The girls had been instructed to come equipped for a morning of unselfish labor in the name of the Almighty. They had gathered up cleaning supplies from home which included a cotton mop and wringer pail, Johnson’s Glo Coat, Rinso, Chipso, Oxydol, Red Devil Lye, Comet and Bon Ami and lots of rags. They also came armed with the most important ingredient: elbow grease. Cleaning a church was not a task for the timid.

By any description, grandma was a force to be reckoned with. She didn’t have a lot of tolerance for improprieties. So when the young girls showed up on the steps of the church without appropriate headwear, grandma was not amused. That was in an era that women wore hats inside places of worship. Entering a sacred place without a hat was a sacrilege.

It would have taken too much time for the young girls to go back home. Grandma was not deterred. Women of her ilk were used to improvising. She grabbed the rag bag and pulled out an old cotton bed sheet. She quickly tore it into strips and affixed a piece on each of her granddaughters’ head using bobby pins to keep them in place. She marched her young charges smartly into the church.

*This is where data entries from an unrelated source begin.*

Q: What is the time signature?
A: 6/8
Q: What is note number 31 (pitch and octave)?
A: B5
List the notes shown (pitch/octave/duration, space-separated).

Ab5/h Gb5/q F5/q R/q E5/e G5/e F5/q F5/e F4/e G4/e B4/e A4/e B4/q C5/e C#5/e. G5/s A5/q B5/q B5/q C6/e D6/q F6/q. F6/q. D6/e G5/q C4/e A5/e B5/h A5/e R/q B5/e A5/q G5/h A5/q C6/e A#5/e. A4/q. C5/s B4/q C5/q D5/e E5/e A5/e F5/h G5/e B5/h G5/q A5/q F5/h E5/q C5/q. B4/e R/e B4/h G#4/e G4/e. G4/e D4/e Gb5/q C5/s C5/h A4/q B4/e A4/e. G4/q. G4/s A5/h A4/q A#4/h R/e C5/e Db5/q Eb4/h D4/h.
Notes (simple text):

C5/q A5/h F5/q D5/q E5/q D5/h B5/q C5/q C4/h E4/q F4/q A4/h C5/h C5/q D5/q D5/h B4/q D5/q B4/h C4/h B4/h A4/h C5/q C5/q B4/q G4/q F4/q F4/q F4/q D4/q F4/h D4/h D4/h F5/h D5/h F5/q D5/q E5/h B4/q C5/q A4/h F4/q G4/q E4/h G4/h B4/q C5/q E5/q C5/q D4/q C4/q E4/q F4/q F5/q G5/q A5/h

The girls were quite small in stature and they wondered if grandma might just grab them, turn them upside down, dip them into the wash bucket and start using them as human mops.

They toiled for three hours without uttering so much as a word such was their fear of speaking in the house of the Lord. Actually, it was their fear of grandma that rendered them mute.

The church was spotless but grandma wasn’t quite finished. She suspected that the children needed spiritual cleansing as well and instructed them to kneel in the pews to say a decade of the rosary.

One can only surmise that they began with the Sorrowful Mysteries.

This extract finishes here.